Most people know the Big Bang created our universe. Unless one believes humankind to be the work of Zeus, Buddha, a Jewish carpenter’s dad, Constantine’s pagan sun god, or Mohammed, you probably put your faith in science.And if you subscribe to science you know there is truth in the Big Bang — the tremendously awesome explosion that created the universe 13.8 billion years ago. Here’s the thing though — you may be wrong. Indeed, science often is.
Working off Einstein’s famous theory of relativity and 1950s-era research from both theoretical physicist David Bohm and physicist Amal Kumar Raychaudhuri, two modern-day scientists may have recently disproved the Big Bang. As with most complex scientific data, the details of this study wrinkled my brain. The hypothesis, however, did seem clear: the giant explosion that started it all may not have happened at all.
Shortly after the paper was published in February 2015, the media did what media often does — they blew it out of proportion with the magnitude of a cosmic explosion. Headlines declared the “Big Bang is Dead,” internet commenters continued their eternal-but-banal god-versus-science debates, and the study enjoyed a brief 15 minutes of fame before pop culture and curated war coverage gained our attention again.

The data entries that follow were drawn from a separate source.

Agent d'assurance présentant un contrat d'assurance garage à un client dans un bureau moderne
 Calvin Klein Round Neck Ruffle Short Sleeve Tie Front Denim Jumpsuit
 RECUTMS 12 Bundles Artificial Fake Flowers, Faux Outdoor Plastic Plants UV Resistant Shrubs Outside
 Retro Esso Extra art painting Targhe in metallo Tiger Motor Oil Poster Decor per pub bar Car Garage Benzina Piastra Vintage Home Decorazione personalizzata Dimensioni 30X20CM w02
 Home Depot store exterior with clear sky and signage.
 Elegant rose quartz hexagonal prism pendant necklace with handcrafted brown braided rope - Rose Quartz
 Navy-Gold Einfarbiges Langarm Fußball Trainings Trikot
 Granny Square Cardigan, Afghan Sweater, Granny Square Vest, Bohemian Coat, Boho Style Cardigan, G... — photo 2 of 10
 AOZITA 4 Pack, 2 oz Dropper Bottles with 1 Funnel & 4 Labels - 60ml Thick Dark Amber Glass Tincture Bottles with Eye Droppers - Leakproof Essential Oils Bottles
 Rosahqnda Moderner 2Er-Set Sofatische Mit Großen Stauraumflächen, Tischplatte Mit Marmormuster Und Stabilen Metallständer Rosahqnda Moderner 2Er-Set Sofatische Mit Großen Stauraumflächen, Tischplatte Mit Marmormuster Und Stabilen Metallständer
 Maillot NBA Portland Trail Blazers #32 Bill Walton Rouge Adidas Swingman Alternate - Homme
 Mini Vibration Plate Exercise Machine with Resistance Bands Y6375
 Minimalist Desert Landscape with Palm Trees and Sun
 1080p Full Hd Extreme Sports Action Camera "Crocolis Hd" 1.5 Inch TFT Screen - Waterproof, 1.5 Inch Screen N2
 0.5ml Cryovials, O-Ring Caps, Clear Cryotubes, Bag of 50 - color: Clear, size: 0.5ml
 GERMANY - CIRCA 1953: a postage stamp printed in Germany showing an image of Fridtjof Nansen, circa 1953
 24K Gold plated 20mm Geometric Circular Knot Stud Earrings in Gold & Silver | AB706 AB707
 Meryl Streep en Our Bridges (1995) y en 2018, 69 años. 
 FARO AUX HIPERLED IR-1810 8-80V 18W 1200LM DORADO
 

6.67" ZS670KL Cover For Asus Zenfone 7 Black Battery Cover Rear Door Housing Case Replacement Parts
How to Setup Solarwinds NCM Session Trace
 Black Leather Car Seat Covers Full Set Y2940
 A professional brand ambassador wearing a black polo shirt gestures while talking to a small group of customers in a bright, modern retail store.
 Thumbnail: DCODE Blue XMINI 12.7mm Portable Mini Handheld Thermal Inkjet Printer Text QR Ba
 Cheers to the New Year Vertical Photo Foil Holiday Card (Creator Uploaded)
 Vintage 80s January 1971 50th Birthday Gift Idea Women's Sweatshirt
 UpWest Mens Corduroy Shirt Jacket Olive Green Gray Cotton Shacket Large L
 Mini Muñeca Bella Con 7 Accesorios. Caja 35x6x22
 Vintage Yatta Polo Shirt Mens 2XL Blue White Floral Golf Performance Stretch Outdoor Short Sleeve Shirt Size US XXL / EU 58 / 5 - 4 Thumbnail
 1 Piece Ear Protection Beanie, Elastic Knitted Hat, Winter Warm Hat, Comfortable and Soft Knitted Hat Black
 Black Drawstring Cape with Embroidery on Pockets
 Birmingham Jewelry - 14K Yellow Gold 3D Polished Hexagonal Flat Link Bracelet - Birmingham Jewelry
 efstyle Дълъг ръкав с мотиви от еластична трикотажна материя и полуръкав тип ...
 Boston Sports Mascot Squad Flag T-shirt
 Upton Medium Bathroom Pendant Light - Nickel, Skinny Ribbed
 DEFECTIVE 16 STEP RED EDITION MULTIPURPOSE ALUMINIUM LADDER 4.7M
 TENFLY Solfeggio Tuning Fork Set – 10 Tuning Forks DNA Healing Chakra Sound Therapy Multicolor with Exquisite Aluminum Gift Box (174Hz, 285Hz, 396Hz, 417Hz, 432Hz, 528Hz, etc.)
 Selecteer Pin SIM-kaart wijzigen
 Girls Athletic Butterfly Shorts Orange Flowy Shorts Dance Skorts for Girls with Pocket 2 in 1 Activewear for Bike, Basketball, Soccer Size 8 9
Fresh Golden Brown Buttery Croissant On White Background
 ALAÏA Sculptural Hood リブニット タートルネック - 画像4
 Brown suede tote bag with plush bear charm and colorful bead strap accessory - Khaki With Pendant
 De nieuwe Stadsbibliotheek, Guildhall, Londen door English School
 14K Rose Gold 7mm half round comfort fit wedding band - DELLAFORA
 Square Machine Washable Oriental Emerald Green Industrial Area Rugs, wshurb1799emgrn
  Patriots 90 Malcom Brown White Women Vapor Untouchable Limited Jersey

While this shallow reportage occurred, the scientific community did what they have done for millennia — they quietly sharpened their pencils, dug into the archives and double-checked their research. After all, maybe these new dudes had a point? No one could be certain they were correct until it had been peer-reviewed and proven. This is science, after all. It takes a long time to get right. In fact, it takes forever.
Contrary to those who continue to spread the falsity that “science is the new religion,” I maintain that science is not a belief. It is a process. It is a method in which we strip away what is empirically wrong in the search for what is undeniably right. But here’s the rub. As we evolve both in culture and academia, new evidence is unearthed.
What we know as truth changes shape. The truth never changes; only what we perceive as truth. We build on the milestones, and also on the mistakes. We evolve. Most of us, anyway. Science is, in practice, an unending act of humility in the pursuit of truth. It means saying you’re wrong without having to say you’re sorry. It means your peers do not tear you down but, rather, thank you — even when you’ve been incorrect. Imagine if we all lived this way. Being wrong has never been so beautiful.